Megadeth deserves the accolades. Over the years, Mustaine has remained the sole original member of the group, hiring and firing various musicians to help him realize his rock-and-roll goals. This latest configuration (brothers Glen and Shawn Drover—guitarist and drummer, respectively—and bassist James Macdonough) tears up the set list, producing a continuous stream of amazing metal thrash. Still capable of cranking up the old-school speed material, there are several standout recreations of classic '80s anthems ("Set the World Afire," "Wake Up the Dead"). As if to prove that age has not deadened their desire, songs from 2004's The System Has Failed sound equally good. Megadeth does make it look incredibly easy, the slightest movement of their wrists rendering the guitars like unholy assault weapons. Even when the riffing gets complicated and almost prog-like, the band's aural brashness is never compromised or controlled. Indeed, Mustaine may sing in a strained, almost subdued, voice, but his presence is practically incendiary. You keep waiting for the moment when he, like the rest of the noise his bandmates are making, literally detonates right in front of your eyes. Naturally, the Argentineans love each and every nuclear notation. This is especially true when Mustaine changes the lyrics of "Coming Home" to reflect "Argentina," not "Arizona," as the frontman's return location of choice.

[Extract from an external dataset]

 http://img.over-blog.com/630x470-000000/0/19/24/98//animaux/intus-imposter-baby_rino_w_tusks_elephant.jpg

All purposeful pandering aside, That One Night is a classic concert presentation. It's not trying to be Stop Making Sense, or redefine the live experience a la The Last Waltz. Instead, this is a souvenir for everyone who enjoys ferociously and effectively made metal. The 1.78:1 anamorphic widescreen image is amazing—-- crystal clear and loaded with definable detail. You can even see the scruffy beard Mustaine wears and the sweat beading up on his cohorts' considered faces. Michael Sarna's direction is top flight: not too MTV-edit heavy, but much better than your basic point-and-shoot standards. He loves getting up close on the band as they break out in complex countermelodies, and there are plentiful crowd shots to illustrate the audience's appreciation.

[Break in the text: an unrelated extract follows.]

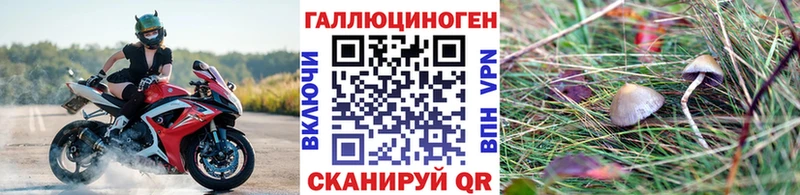 Псилоцибиновые грибы мицелий  Алексеевка 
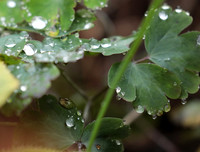 Raindrops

As for sound mixing, the Dolby Digital Stereo 5.1 DTS track is dynamic, expertly recreating the stadium concert experience. The instrumentation is kept perfectly modulated, and while Mustaine's vocals are a little too low in the mix, this appears to be a board problem, not a matter of remastering. The standard 5.1 and 2.0 Stereo tracks are equally effective, with all three delivering a dynamite recreation of Megadeth live. Sadly, the only significant extra (except for some behind the scenes footage inserted into the show itself) is an alternate version of "Symphony of Destruction." While the arrangement remains more or less the same, the editing is a little more manic, giving this sole bit of added content a rather pointless feel.
With a new album in the works, and a new religion helping him find guidance and focus (Mustaine recently announced his born-again Christianity), Megadeth appears prepared to give its unrealistic rival a post-millennial run for its money. Even as middle age sets in (Mustaine is 46 this year), That One Night proves that he's not about to slow or stop. Anyone who rocks as hard and as honestly as this industry survivor deserves all the audience reaction he gets. And no one gives better spectator spectacle than the crowds in South America. This is a must-own DVD for any fan of music or Megadeth.